PyLate: Flexible Training and Retrieval for ColBERT Models

We release PyLate, a new user-friendly library for training and experimenting with ColBERT models, a family of models that exhibit strong retrieval capabilities on out-of-domain data.

August 29, 2024

TL;DR

We are releasing PyLate, a new user-friendly library for training and experimenting with ColBERT models, a family of models that exhibit strong retrieval capabilities on out-of-domain data. Built on the sentence transformers framework, the library is designed to make training and experimenting with ColBERT models more accessible to researchers and practitioners to accelerate the research in this domain.

ColBERT models are strong out-of-domain retrievers

An important part of retrieval-augmented generation tools such as Paradigm is searching in the user documents collection to find relevant information to answer a query.
A popular architecture to search for relevant documents in large databases is bi-encoders that pre-compute the representation of all the documents to index them. Then, to perform a search, the user query is encoded and the search for the most similar documents is performed by computing the similarity of the query with the pre-computed representation of the documents with a lightweight similarity computation. This setup enables quick search even in large databases.
ColBERT models are another type of encoder also used for retrieval tasks.
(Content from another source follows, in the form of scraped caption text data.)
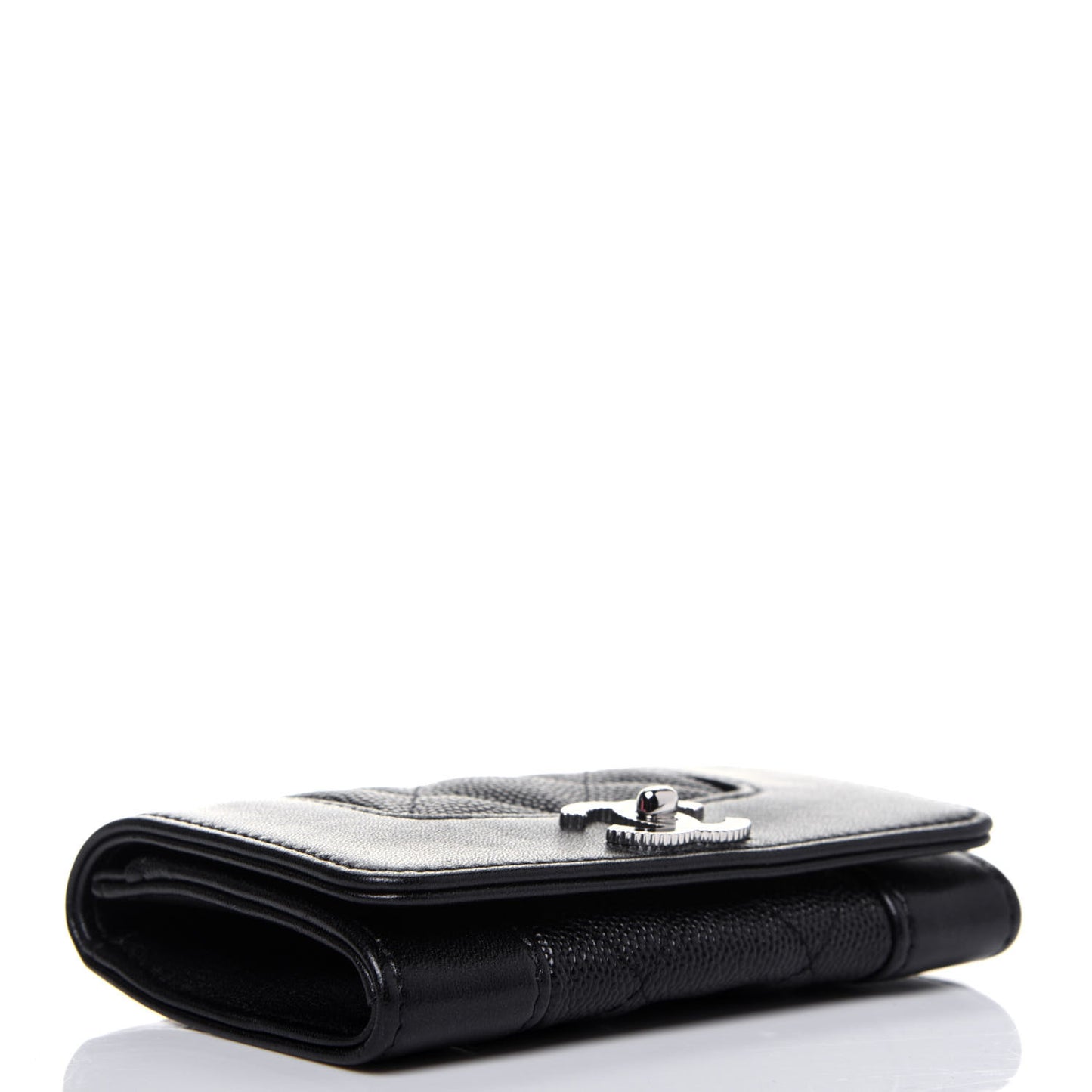 Caviar Quilted Vintage Mademoiselle Flap Card Holder Black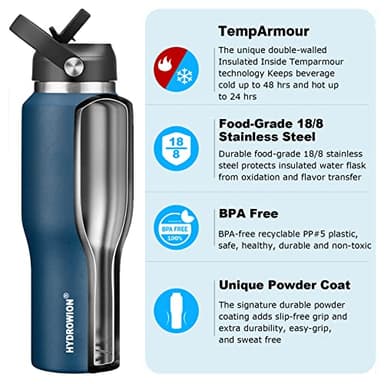 HYDROWION Water Bottles with Straw, 40oz Insulated Water Bottle fit in Car Cup Holder, Black Water Bottles with Straw Lid, Spout Lid and Flex Cap, Leakproof Travel Insulated Tumbler, Cobalt - Image 4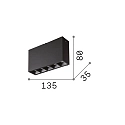 Ideal Lux LED ceiling luminaire LIKA SURFACE, Aufbau, lenght 13.5cm, 10W 3000K 1100lm 44°, white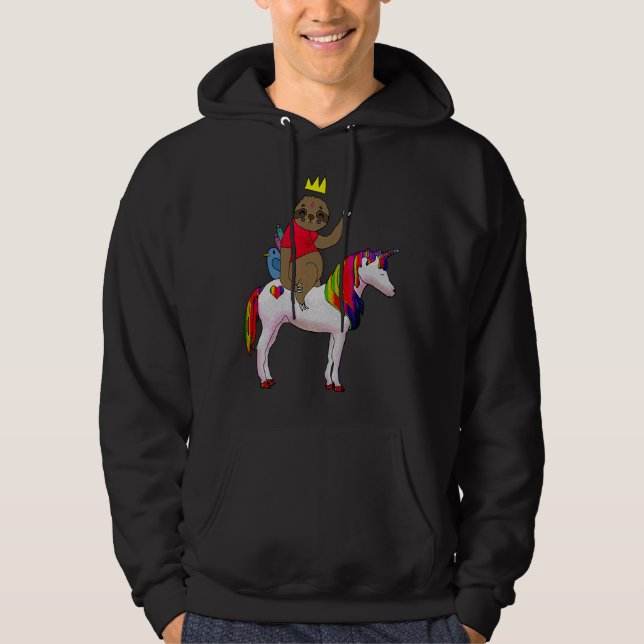 Journey Of The Sloth On A Unicorn Hoodie (Front)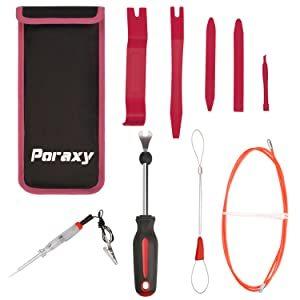 内装剥がし Poraxy 内張り剥がし 自動車整備工具 パネル剥がし 脱着工具 定番から日本未入荷 配線ガイド 配線通し 検電テスター クリップクランプツール エアコン 車内装 照明器具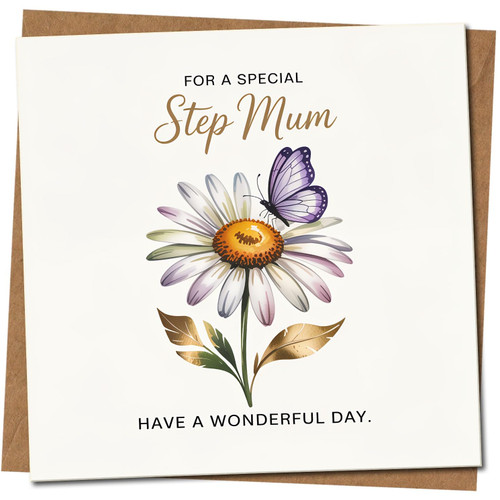 For a Special Step Mum Daisy & Butterfly Greeting Card, 145mm x 145mm, Have a Wonderful Day, Includes Kraft Envelope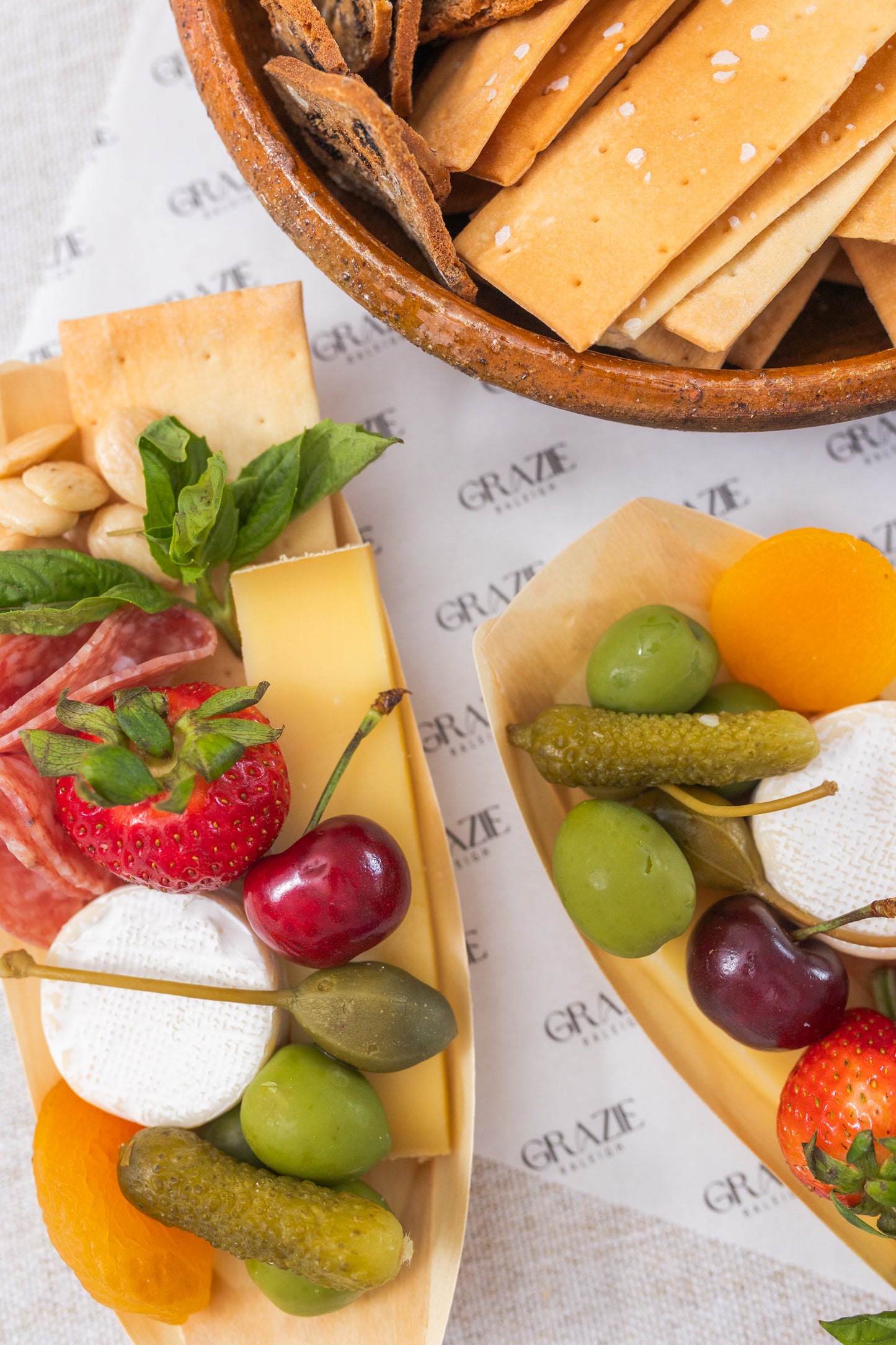 Mini Charcuterie Boats — Serves 12 | Individually Packed & Freshly Curated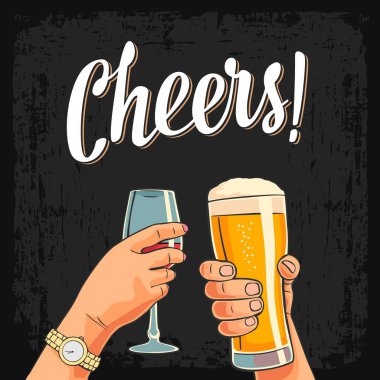 Kadın ve erkek elleri tutan ve gözlük bira, tungur şarap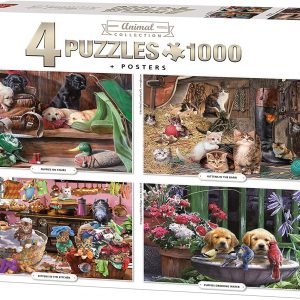 Puzzle King Pack 4 puzzles Animales de 1000 piezas + 4 posters
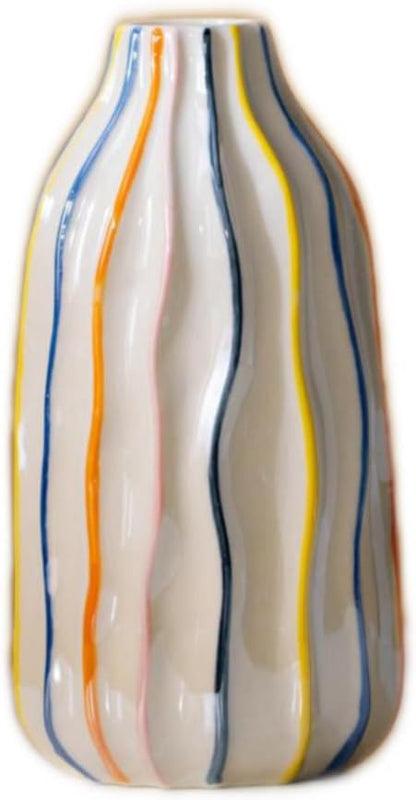 Handmade Beige Ceramic Vase with Colorful Stripes,Modern Boho Home Decor Centerpiece, Unique Holiday&Housewarming Present for Women (A)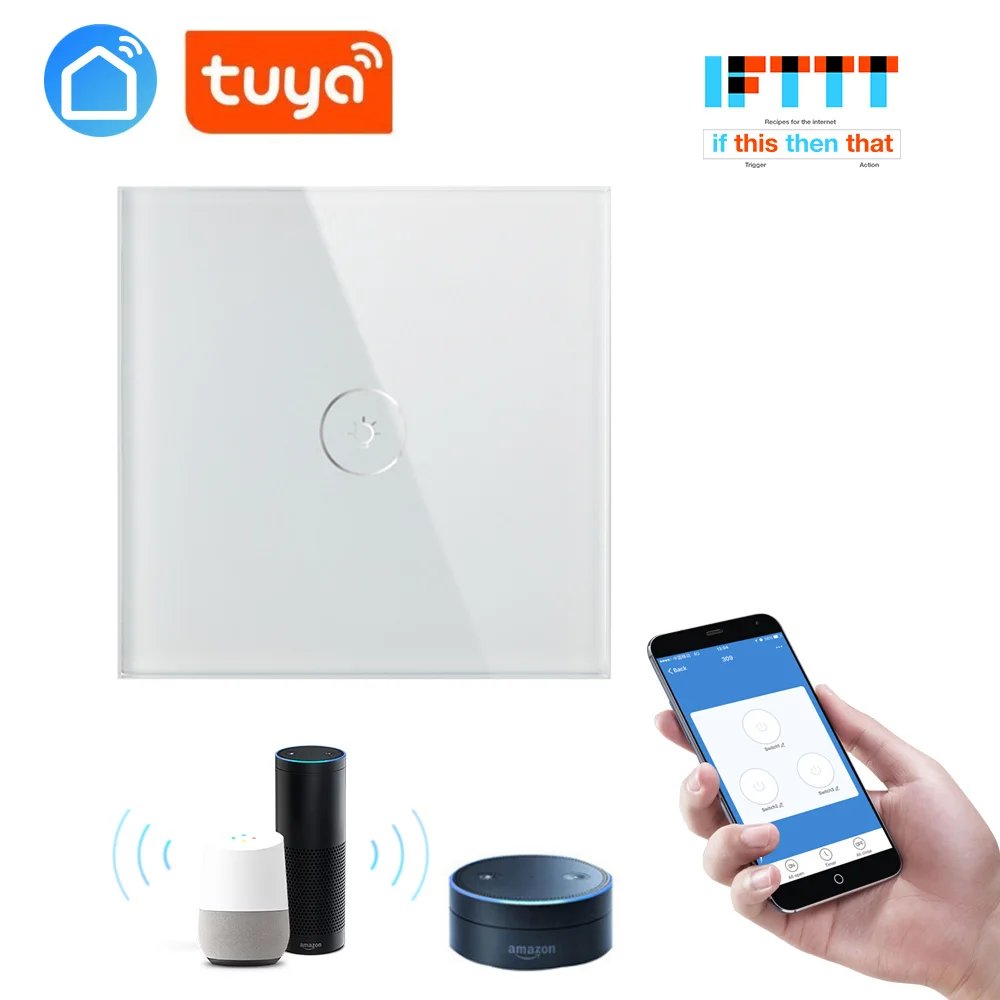 

Smart Wifi Switch Tuya Smart Life App EU UK 1 Gang Smart Wall Touch Light Switch Works With Alexa/Google Home/IFTTT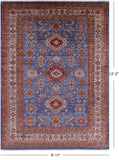 Blue Super Kazak Hand Knotted Wool Rug - 8' 11" X 12' 2" - Golden Nile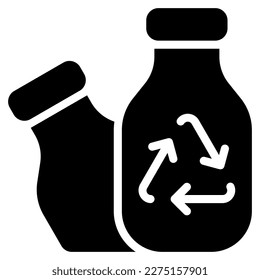recycle bottle icon with glyph style and 64 px base. Suitable for website design, logo, app, ui and etc. svg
Unlike traditional bi-encoders that pool all the token representations into a single one, ColBERT models retain all token representations and use late interaction (MaxSim) to compute query/document similarity.

Illustration of the late interaction mechanism used by ColBERT models. Credit ColBERT paper.

This subtle yet crucial difference leads to strong results and impressive generalization to Out-Of-Domain (OOD) data, i.e, it works well on data different from what the model has been trained on. This is a very important property because it is unrealistic to consider that the training data will cover all the possible domains the model will be used on and poor OOD generalization are the root of a lot of failure cases. Thus, given that the customer data is most likely unique and is usually not leveraged to train the models, having strong OOD performance is crucial to build a pipeline that will work on all the users data.

Introducing PyLate

Compared to the growing interest in late interaction models, there have been few research and released models in this area.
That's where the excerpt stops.